This comment would look much better ans an enum ... And then we can ditch
the comment. Since this is only used in i915_irq.c we can even avoid the
I915/intel prefix.

With an enum all the magic paramters and tests in this patch become much
more readable. Note that gcc is happy to treat enums as bitmasks, so you
can still or them together (and gdb will actually decode it, in case you
have kgdb wired up or are looking at a dump).

>   */
> -void i915_handle_error(struct drm_device *dev, bool wedged)

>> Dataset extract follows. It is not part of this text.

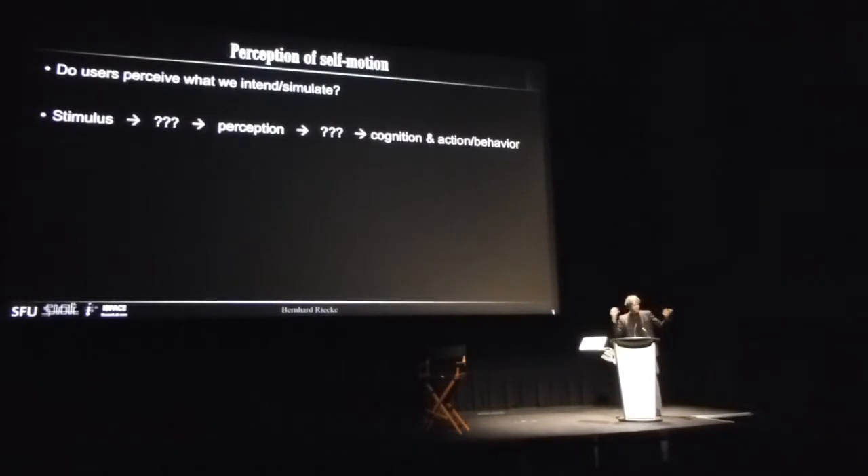A fundamental question is: do users really perceive what we intend to simulate? We have great intentions, but does it really work? As we know from these talks, the stimulus you present and what we perceive is not a simple one-to-one mapping. And even if we get it right perceptually, does it mean we can actually use it to behave naturally, coordinate naturally, think naturally, and act naturally?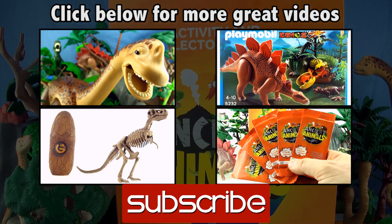If you like this video give it a thumbs up, comment below, subscribe to Press Play Picture House and click on the links for more dinosaur videos. See you next time.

> +void i915_handle_error(struct drm_device *dev, u32 mask)
>  {
>  	struct drm_i915_private *dev_priv = dev->dev_private;
>  
>  	i915_capture_error_state(dev);
>  	i915_report_and_clear_eir(dev);
>  
> -	if (wedged) {
> +	if (mask > 0) {
>  		atomic_set_mask(I915_RESET_IN_PROGRESS_FLAG,
>  				&dev_priv->gpu_error.reset_counter);
>  
> @@ -2707,7 +2715,7 @@ ring_stuck(struct intel_ring_buffer *ring)
>  		case 1:
>  			DRM_ERROR("Kicking stuck semaphore on %s\n",
>  				  ring->name);
> -			i915_handle_error(dev, false);
> +			i915_handle_error(dev, 0);
>  			I915_WRITE_CTL(ring, tmp);
>  			return HANGCHECK_KICK;
>  		case 0:
> @@ -2856,9 +2864,10 @@ static void i915_hangcheck_elapsed(unsigned long data)

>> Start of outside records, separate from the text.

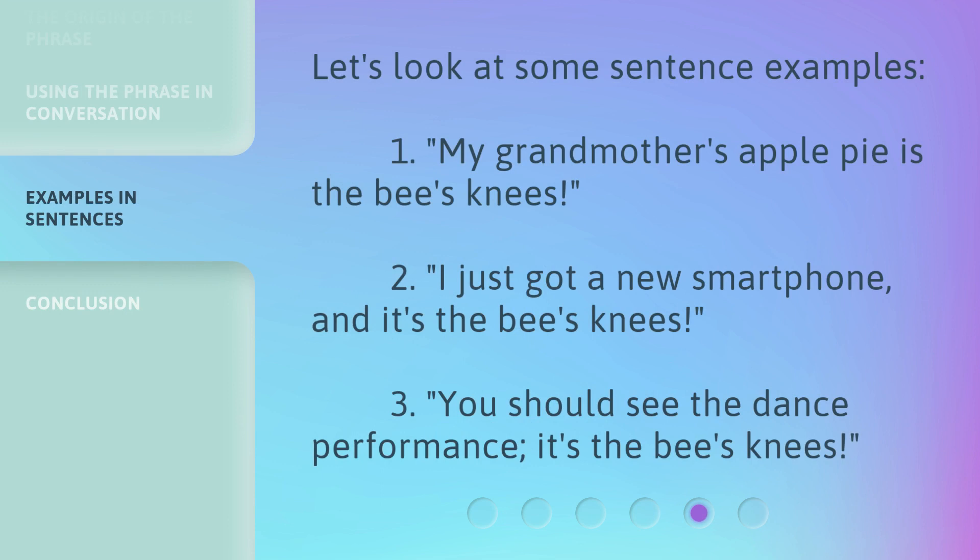Let's look at some sentence examples. 1. My grandmother's apple pie is the bee's knees. 2. I just got a new smartphone, and it's the bee's knees. 3. You should see the dance performance — it's the bee's knees.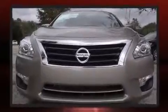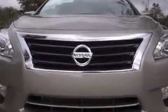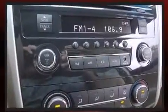Premium sound drives six speakers, providing you and your passengers a sensational audio experience.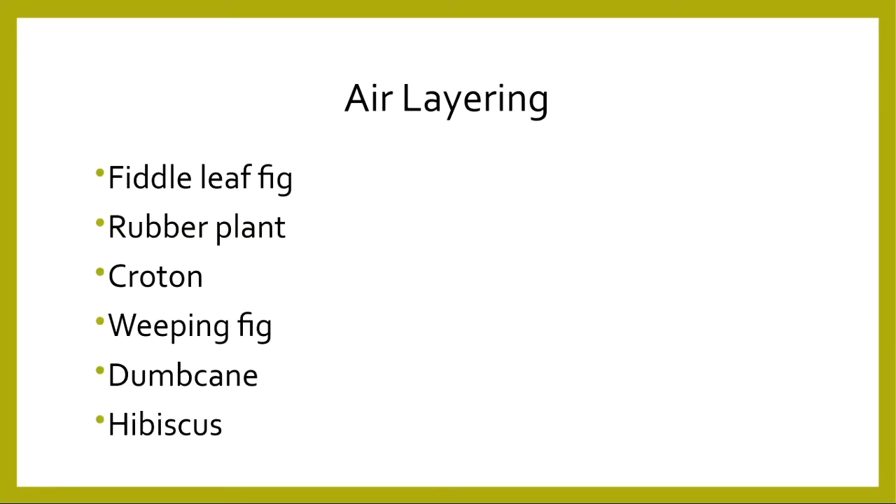Air layering can be done with a number of different plants, including fiddle leaf figs, rubber plants, crotons, weeping fig, dumb cane, and hibiscus. You can also do this to plants that you grow outdoors.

>  	drm_i915_private_t *dev_priv = dev->dev_private;
>  	struct intel_ring_buffer *ring;
>  	int i;
> -	int busy_count = 0, rings_hung = 0;
> +	int busy_count = 0, hang_mask = 0;
>  	u32 tmp;
>  #define FIRE 50
> +#define GLOBAL_RESET_REQUEST 0x80000000
>  
>  	/* Clear the active flag *before* assessing the ring state
>          * in case new work is added just after we sample the rings.
> @@ -2891,19 +2900,39 @@ static void i915_hangcheck_elapsed(unsigned long data)

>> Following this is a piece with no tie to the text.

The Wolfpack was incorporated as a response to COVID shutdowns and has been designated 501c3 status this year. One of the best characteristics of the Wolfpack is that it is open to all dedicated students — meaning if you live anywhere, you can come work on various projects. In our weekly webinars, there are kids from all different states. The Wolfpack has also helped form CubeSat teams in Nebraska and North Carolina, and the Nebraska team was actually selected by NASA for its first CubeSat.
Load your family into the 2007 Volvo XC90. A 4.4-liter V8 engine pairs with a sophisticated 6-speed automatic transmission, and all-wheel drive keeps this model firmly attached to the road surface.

>  				 * that if we fail to break the hang it will be
>  				 * recovered by a reset next time round.
>  				 */
> -				i915_handle_error(dev, false);
> +				i915_handle_error(dev, 0);
>  				I915_WRITE_CTL(ring, tmp);
>  				ring->hangcheck.action = HANGCHECK_KICK;
>  				ring->hangcheck.score = FIRE;
>  			} else {
> -				rings_hung++;
> +				hang_mask |= (0x1 << ring->id);
>  				ring->hangcheck.score = 0;
>  			}
>  		}
>  	}
>  
> -	if (rings_hung)
> -		return i915_handle_error(dev, true);
> +	if (hang_mask) {
> +		/* One or more rings have hung */
> +		dev_priv->gpu_error.score += 5;
> +
> +		DRM_DEBUG_TDR("Hangcheck score: %d vs %d\n",
> +			dev_priv->gpu_error.score, FIRE);
> +
> +		if (INTEL_INFO(dev)->gen < 7) {
> +			/* Per-engine reset not supported */
> +			dev_priv->gpu_error.score = 0;
> +			hang_mask = GLOBAL_RESET_REQUEST;
> +		} else if (dev_priv->gpu_error.score > FIRE) {
> +			/* Per-engine reset occuring too frequently. Fall back
> +			* to a global reset to try and resolve the hang */
> +			dev_priv->gpu_error.score = 0;
> +			hang_mask = GLOBAL_RESET_REQUEST;
> +			DRM_DEBUG_TDR("Rings hanging too frequently\n");
> +		}
> +
> +		i915_handle_error(dev, hang_mask);
> +	} else if (dev_priv->gpu_error.score > 0)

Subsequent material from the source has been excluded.